Vice-versa 2
6.8
Vice-versa 2

Long-métrage d'animation de Kelsey Mann (2024)

Il y a quelques semaines, le studio Pixar exprimait clairement son plan d'action : les propositions originales récentes n'ont pas vraiment trouvées leur public (Soul, Alerte Rouge ou encore Luca), donc les prochains projets seront principalement des suites de franchises cultes. Ainsi a été annoncé Toy Story 5, mais également Vice-Versa 2.

Et c'est une stratégie assez regrettable, dans une ère Hollywoodienne submergée de franchises, remakes et spin-off, et où les œuvres originales se font rare. D'autant plus que Pixar a toujours été réputé pour sa créativité et ses propositions uniques, qui les démarquaient du reste de l'industrie. Qui les démarquaient même du géant aux grandes oreilles.

Mais que voulez-vous, capitalisme tout ça tout ça, on ne va pas refaire le sujet.

C'est donc dans ce contexte que débarque Vice-Versa 2, près de 10 ans après la sortie du premier volet. Premier volet que je classe au rang de chef-d'œuvre du genre, en plus d'être l'un des tous meilleurs Pixar encore à ce jour. Mais au-delà d'une sincérité douteuse régnant autour de ce nouveau projet, je me questionnais sérieusement sur la pertinence d'une suite. Car le concept, aussi génial soit-il, avait déjà été bien essoré par le premier volet.

Le début de ce deuxième opus n'a fait que renforcer mes craintes. Le film démarre exactement comme le précédent, avec les 5 émotions originelles (Joie, Tristesse, Peur, Dégoût et Colère) qui s'entrecroisent dans l'esprit de notre héroïne Riley. Et certes, c'est toujours aussi malin dans l'écriture, mais on est clairement en terrain connu. Ce qui a tendance à pas mal amoindrir notre plaisir de découverte.

Mais après une vingtaine de minutes, le film se lance : Riley arrive à l'adolescence, la puberté pointe le bout de son nez, et les nouvelles émotions avec. Faites place à Embarras, Envie, Ennui, et surtout Anxiété (Nostalgie pique aussi une tête par-ci par-là).

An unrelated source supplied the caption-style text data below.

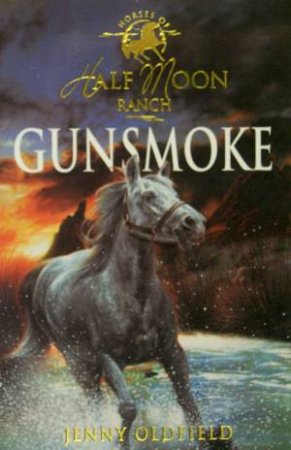 Gunsmoke by Jenny Oldfield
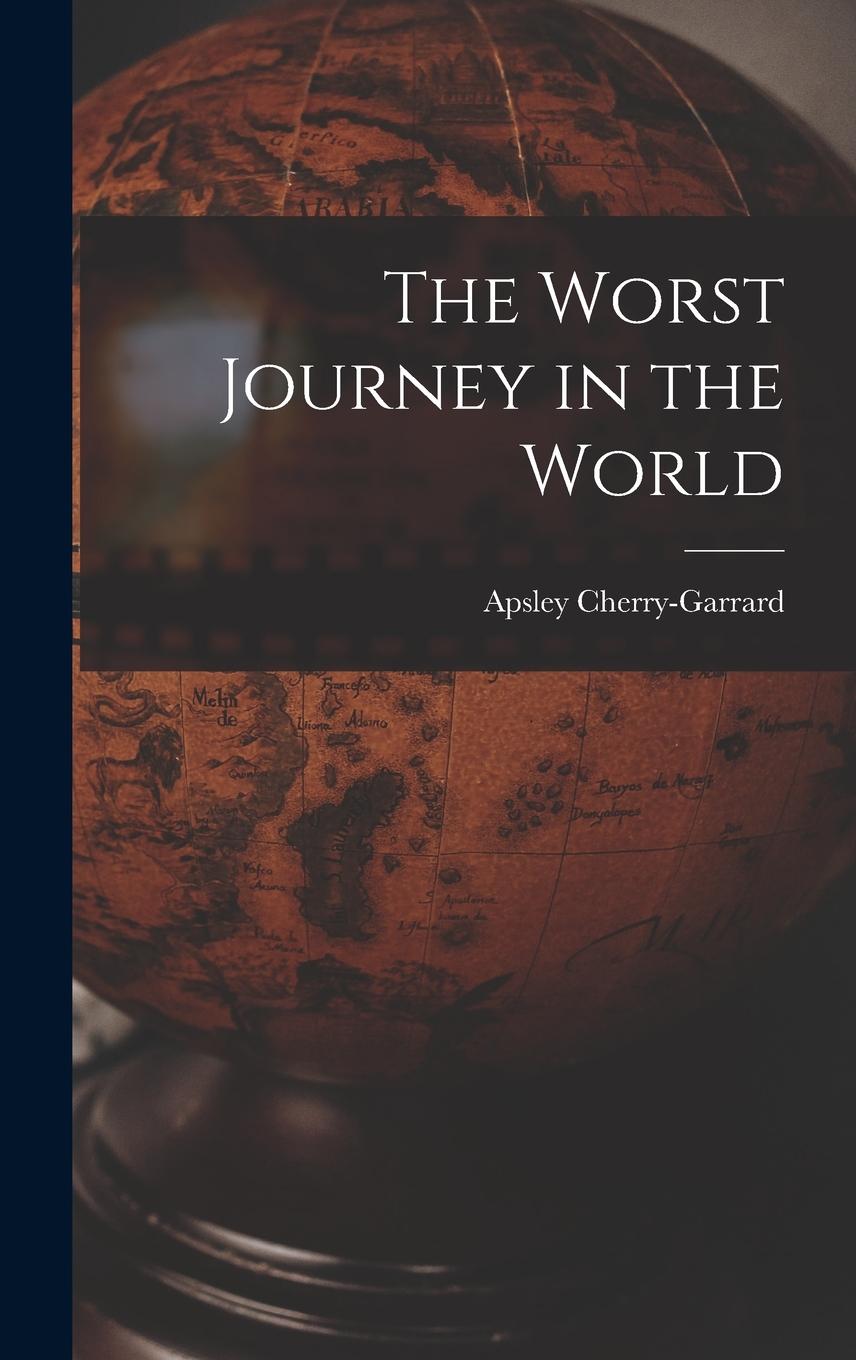 Vorderes Coverbild The Worst Journey in the World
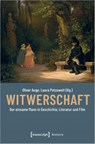 Witwerschaft - Oliver Auge ; Laura Potzuweit - 9783837663297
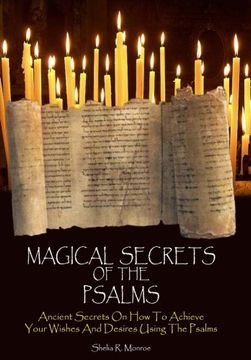 portada Magical Secrets of the Psalms: Ancient Secrets on how to Achieve Your Wishes and Desires Using the Psalms (en Inglés)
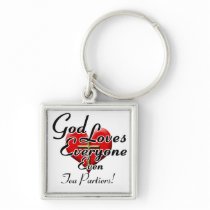God Loves Tea Partiers! Keychain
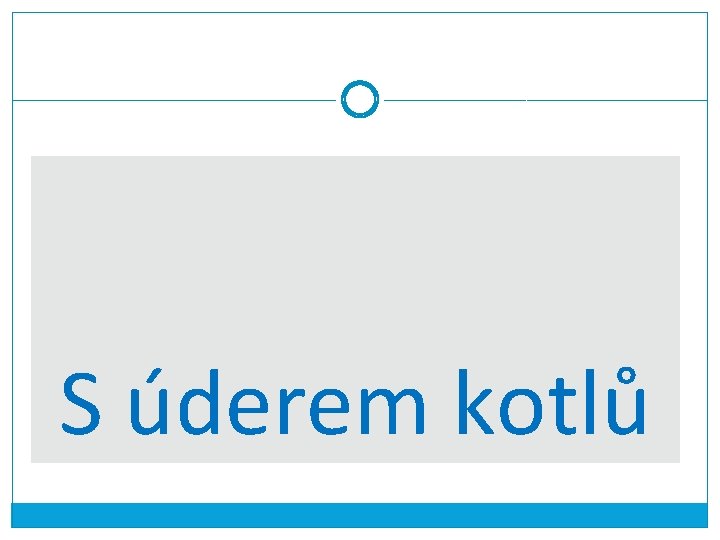 S úderem kotlů 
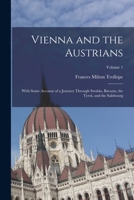 Vienna and the Austrians: With Some Account of a Journey Through Swabia, Bavaria, the Tyrol, and the Salzbourg; Volume 1 1017360839 Book Cover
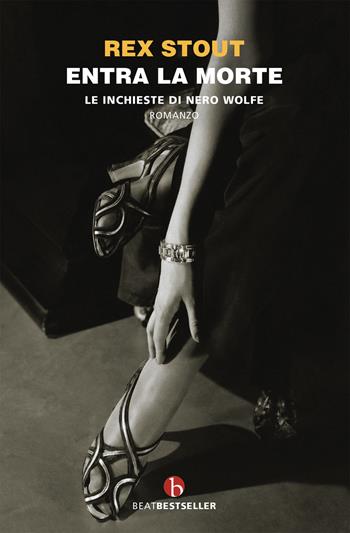 Entra la morte. Le inchieste di Nero Wolfe - Rex Stout - Libro BEAT 2019, BEAT. Bestseller | Libraccio.it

Et à l'image du chamboulement dans l'esprit de l'adolescente, un certain chaos s'installe à l'écran. Pratiquement 10 personnages se bousculent à l'image, et même si le tout est plutôt bien tenu, avec des vannes qui fusent dans tous les sens et qui sont assez réussies, force est de constater que le récit tend dangereusement vers une stimulation boulimique.

Heureusement, le film a l'excellente idée de rapidement donner les pleins pouvoirs aux nouvelles émotions, en expédiant les anciennes dans un lieu bien distinct. Cette séparation franche permet d'alléger la narration, inhibant ainsi la surcharge informationnelle qui menaçait le spectateur.

Ce choix scénaristique est d'autant plus intelligent qu'il souligne l'instabilité émotionnelle induite par l'adolescence, se caractérisant notamment par l'émergence des troubles anxieux. Le personnage d'anxiété devient ainsi machinalement l'antagoniste du film. Et ce, sans même s'en rendre compte.

Bref, le très grand Pixar a encore frappé.

L'œuvre s'amuse alors à déconstruire avec brio tous les mécanismes anxieux, si chers à nos petits esprits stressés contemporains. En plus d'une ingéniosité terrible dans le renouvellement des situations narratives, le film se révèle être un formidable outil pédagogique, enseignant aux plus jeunes la gestion essentielle de tels signaux physiologiques.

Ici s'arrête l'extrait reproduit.